Future Treasures: The Bear and the Nightingale by Katherine Arden

the-bear-and-the-nightingale-smallOne of the many nice things about Christmas is how it re-introduces me to fairy tales. Maybe it’s being surrounded by a blanket of snow, or not having to trudge to work every day, or the constant squeal of kids in the house… or just the magic of the season. Whatever it is, I’m more open to fairy tales this time of year, including the kind that come between hard covers.

The Bear and the Nightingale is the debut novel by Katherine Arden, with more than a hint of a Russian fairy tale setting. Naomi Novik calls it “A beautiful deep-winter story, full of magic and monsters,” and Booklist says it’s “Utterly bewitching… peopled with vivid, dynamic characters, particularly clever, brave Vasya, who outsmarts men and demons alike to save her family.” It arrives in hardcover next month from Del Rey.

At the edge of the Russian wilderness, winter lasts most of the year and the snowdrifts grow taller than houses. But Vasilisa doesn’t mind — she spends the winter nights huddled around the embers of a fire with her beloved siblings, listening to her nurse’s fairy tales. Above all, she loves the chilling story of Frost, the blue-eyed winter demon, who appears in the frigid night to claim unwary souls. Wise Russians fear him, her nurse says, and honor the spirits of house and yard and forest that protect their homes from evil.

After Vasilisa’s mother dies, her father goes to Moscow and brings home a new wife. Fiercely devout, city-bred, Vasilisa’s new stepmother forbids her family from honoring the household spirits. The family acquiesces, but Vasilisa is frightened, sensing that more hinges upon their rituals than anyone knows.

And indeed, crops begin to fail, evil creatures of the forest creep nearer, and misfortune stalks the village.

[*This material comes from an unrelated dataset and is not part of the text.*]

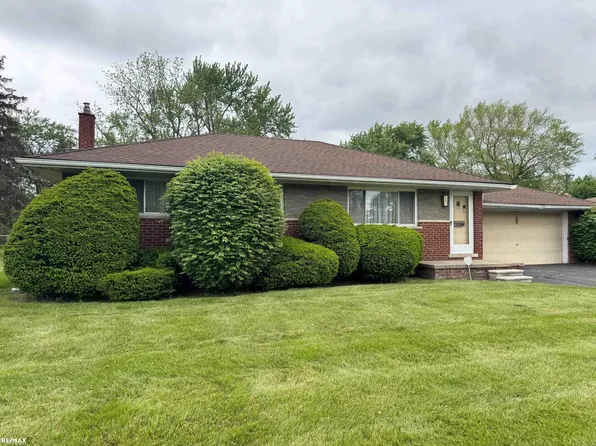 22821 Stair Dr, Clinton Township, MI 48036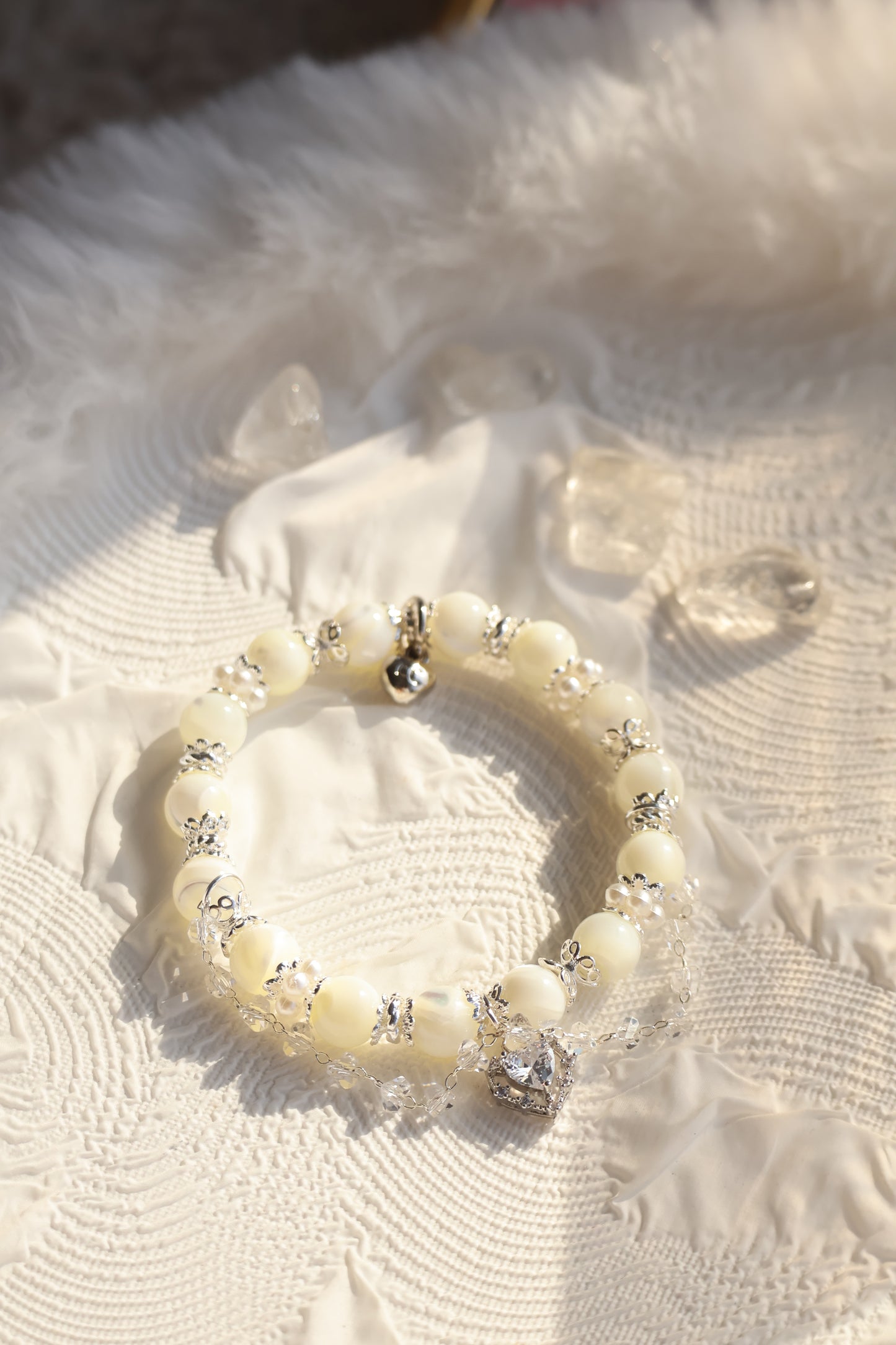 *Instocks* White Conch with Heart Charm & Chain Crystal Bracelet (Elastic)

All the while, Vasilisa’s stepmother grows ever harsher in her determination to groom her rebellious stepdaughter for either marriage or confinement in a convent.

As danger circles, Vasilisa must defy even the people she loves and call on dangerous gifts she has long concealed — this, in order to protect her family from a threat that seems to have stepped from her nurse’s most frightening tales.

The Bear and the Nightingale will be published by Del Rey on January 10, 2017. It is 336 pages, priced at $27 in hardcover and $12.99 for the digital edition.